[Exercise directions] Every record below should be repeated word for word, with the pictures left out.

[Input data]

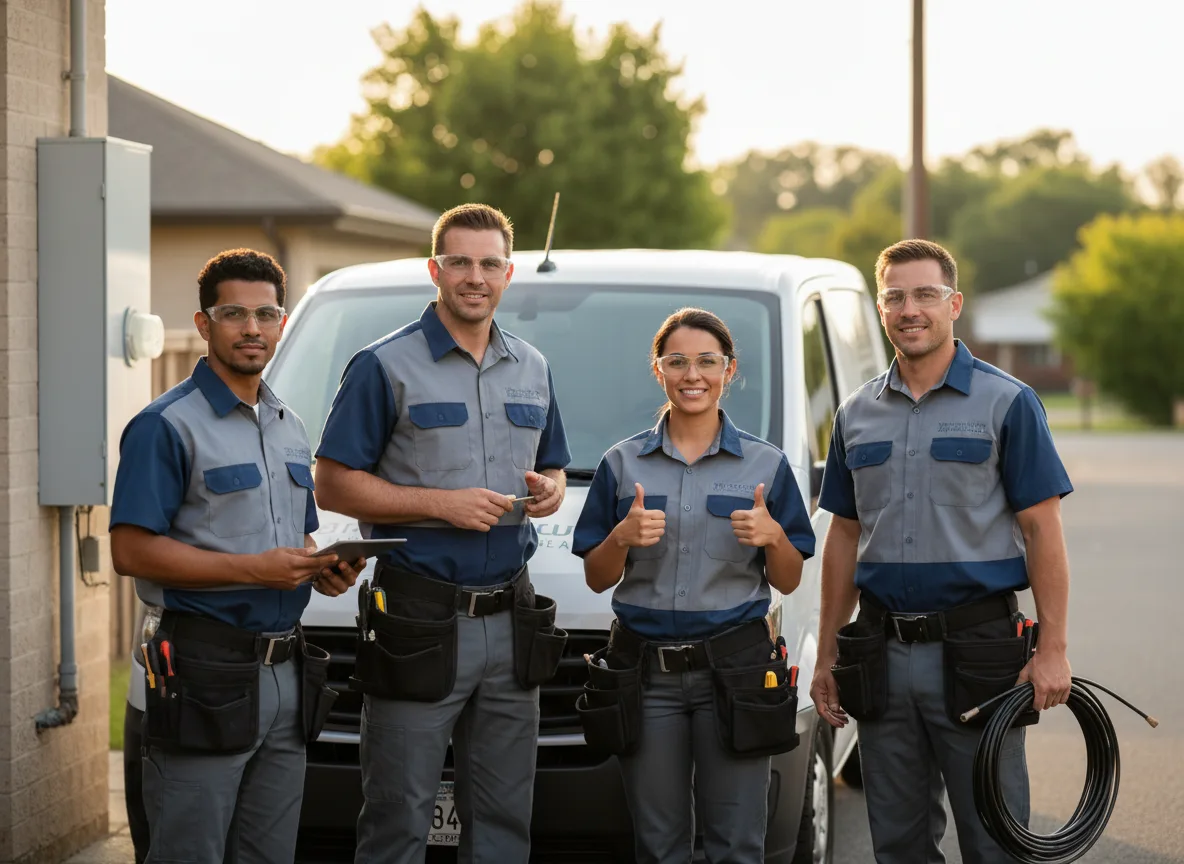 Residential electrical contractor serving homeowners in Goodells, MI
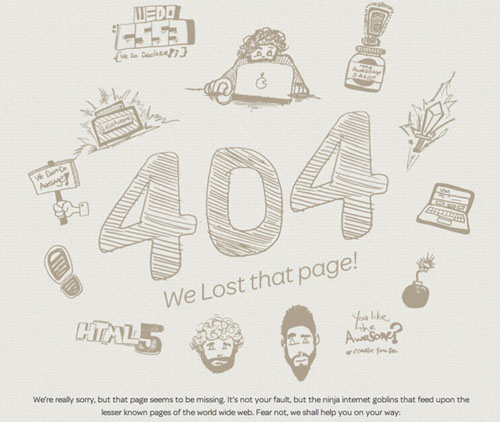 想要不闹心的404界面？7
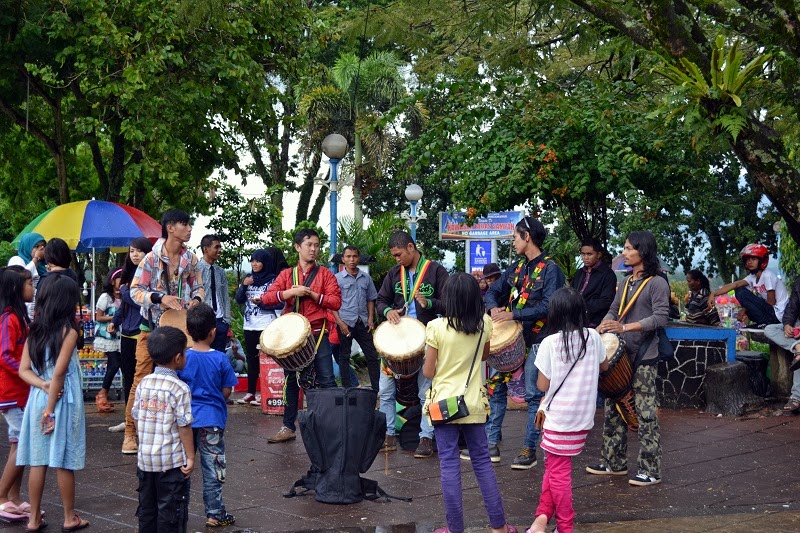 NORIZAN BIN BESAR PERCUTIAN KE KOTA PADANG DAN BUKITTINGGI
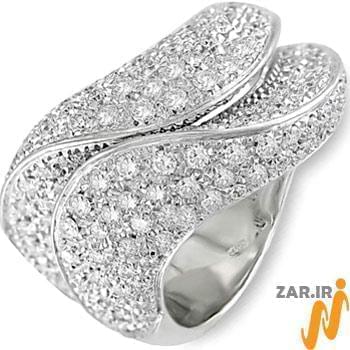 انگشتر الماس مدل: ring2010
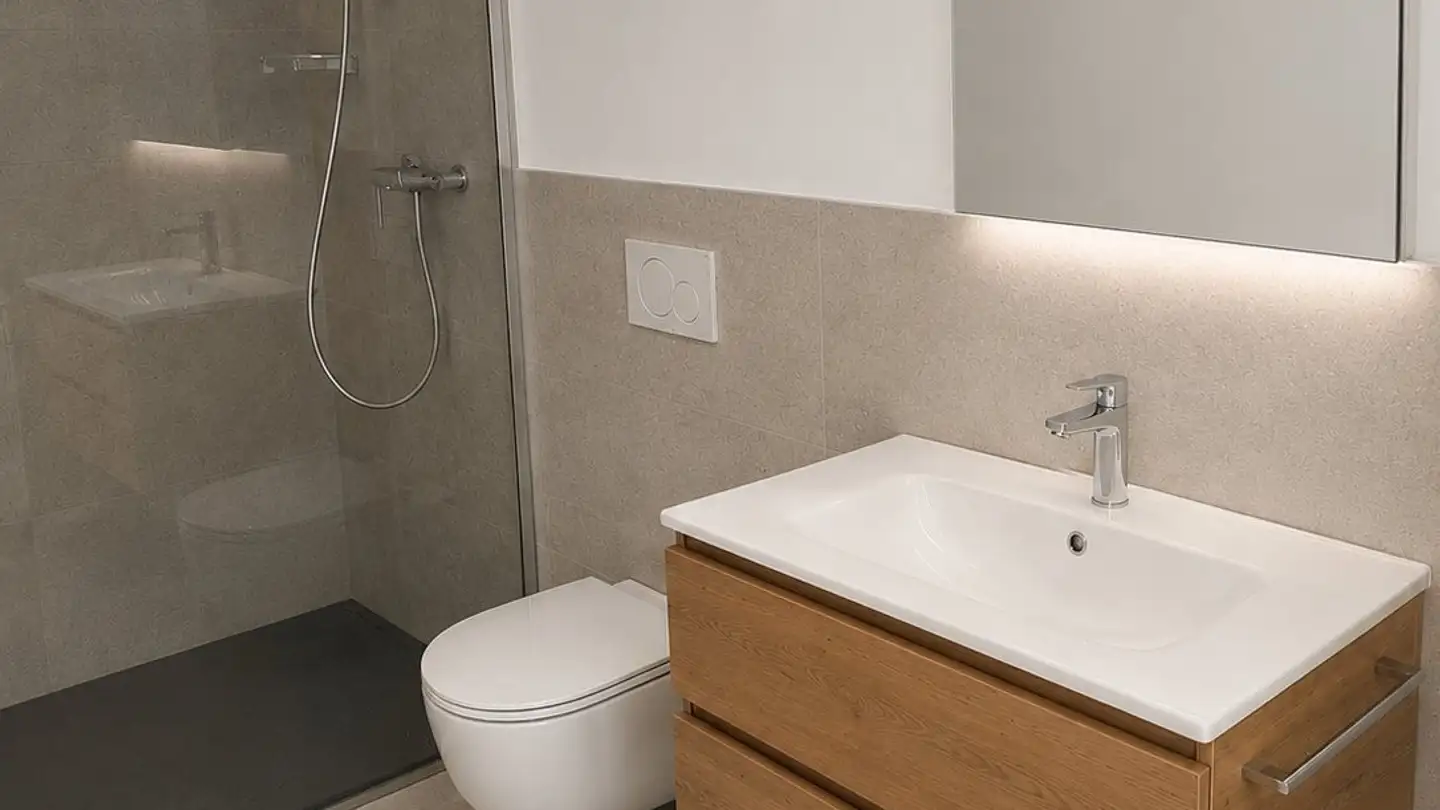 Appartement à louer - Mondstrasse 14d, 3930 Visp - Photo 4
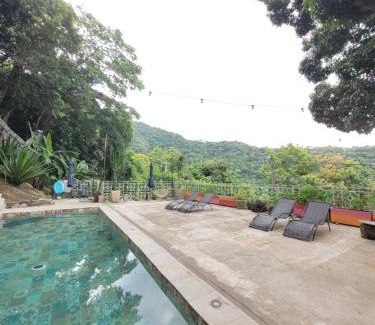 Santa Teresa House | Discover Soul Rebel Rio Loft with Oceanfront Relaxation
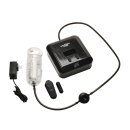 XR Brands El Milker Stamina Estimulador Automático de Vibración y Succión Transparente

[Written solution]
 Residential electrical contractor serving homeowners in Goodells, MI
 想要不闹心的404界面？7
 NORIZAN BIN BESAR PERCUTIAN KE KOTA PADANG DAN BUKITTINGGI
 انگشتر الماس مدل: ring2010
 Appartement à louer - Mondstrasse 14d, 3930 Visp - Photo 4
 Santa Teresa House | Discover Soul Rebel Rio Loft with Oceanfront Relaxation
 XR Brands El Milker Stamina Estimulador Automático de Vibración y Succión Transparente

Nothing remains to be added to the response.